▸ **What you need to do**
Reproduce only this range: the line holding "Tassello Tal con" through the last line of the data below, both included, exactly, with no pictures.

+++++

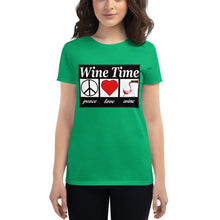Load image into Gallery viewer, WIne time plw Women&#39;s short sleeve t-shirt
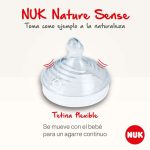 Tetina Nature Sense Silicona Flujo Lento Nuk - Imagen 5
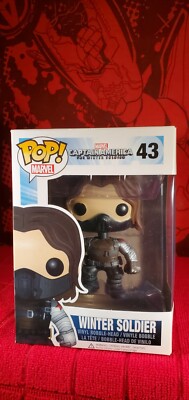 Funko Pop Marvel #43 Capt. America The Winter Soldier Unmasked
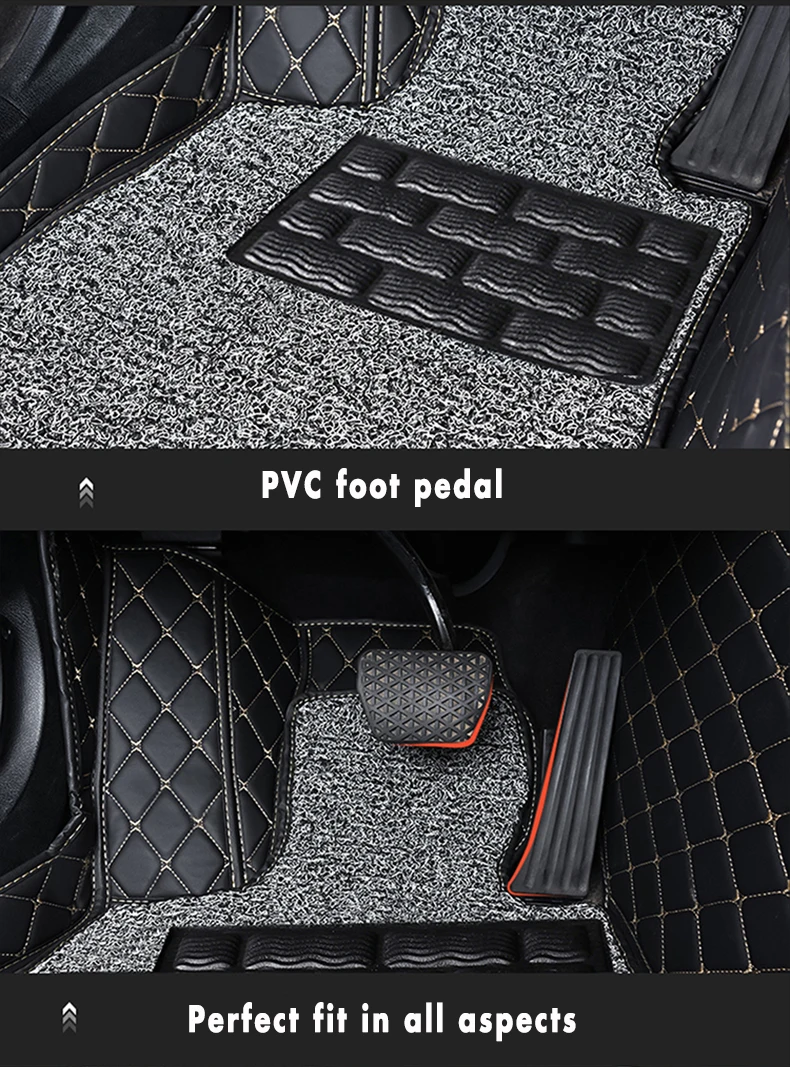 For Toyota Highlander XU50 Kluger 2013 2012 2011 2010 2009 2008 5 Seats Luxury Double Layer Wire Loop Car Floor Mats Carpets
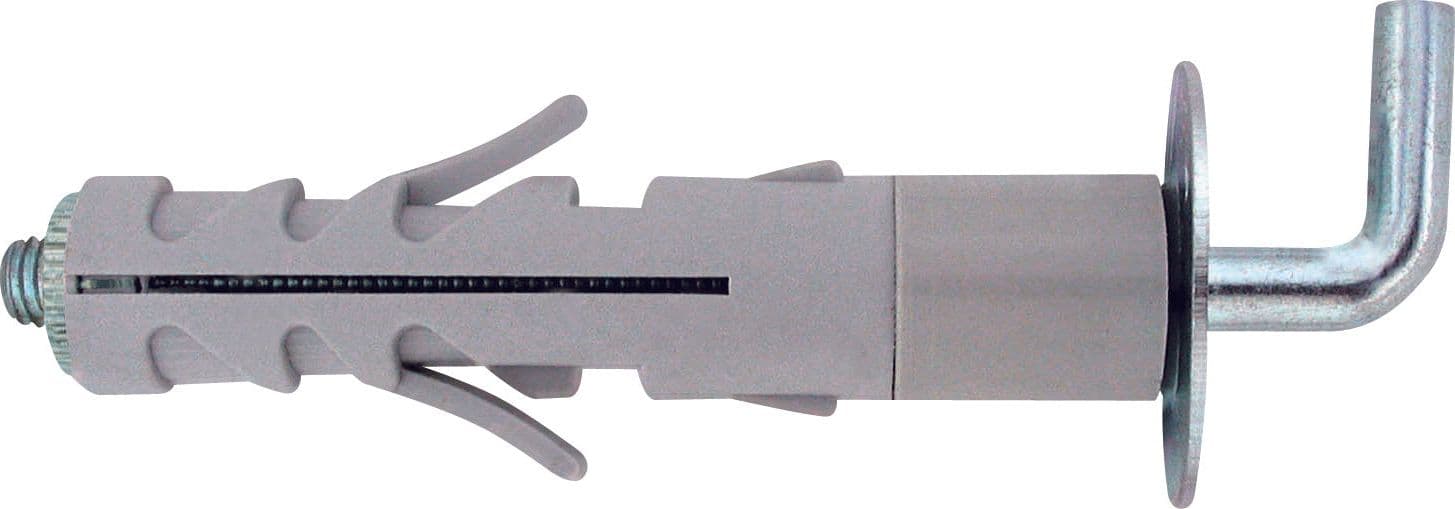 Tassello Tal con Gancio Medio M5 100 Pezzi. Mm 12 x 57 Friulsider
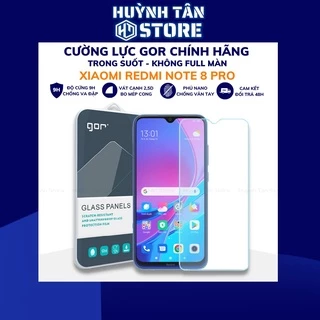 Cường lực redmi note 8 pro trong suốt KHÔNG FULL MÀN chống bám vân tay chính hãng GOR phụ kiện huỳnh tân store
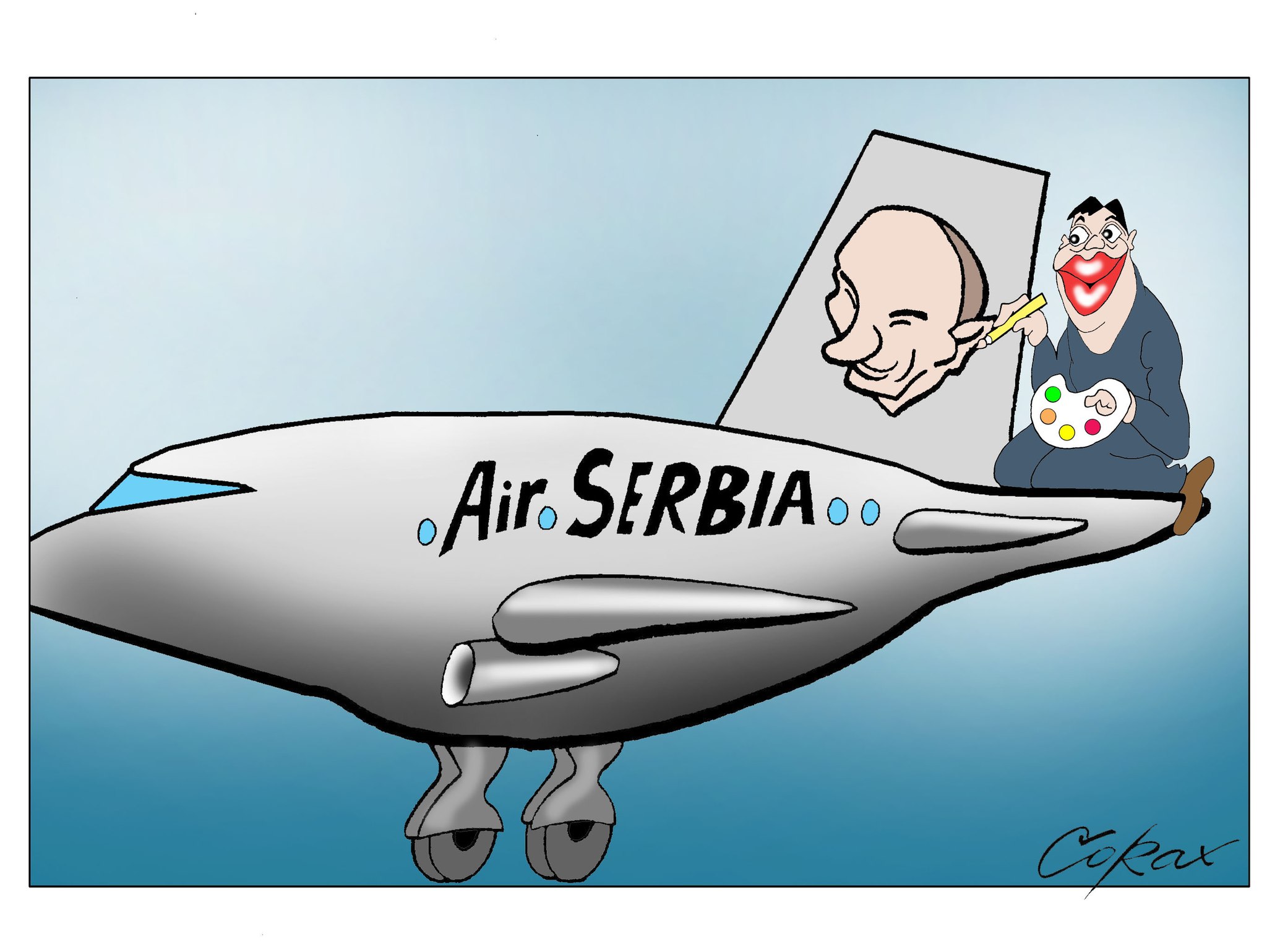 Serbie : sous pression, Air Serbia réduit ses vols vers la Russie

+++++

▸ **Exercise result**
 Tassello Tal con Gancio Medio M5 100 Pezzi. Mm 12 x 57 Friulsider
 Cường lực redmi note 8 pro trong suốt KHÔNG FULL MÀN chống bám vân tay chính hãng GOR phụ kiện huỳnh tân store
 Serbie : sous pression, Air Serbia réduit ses vols vers la Russie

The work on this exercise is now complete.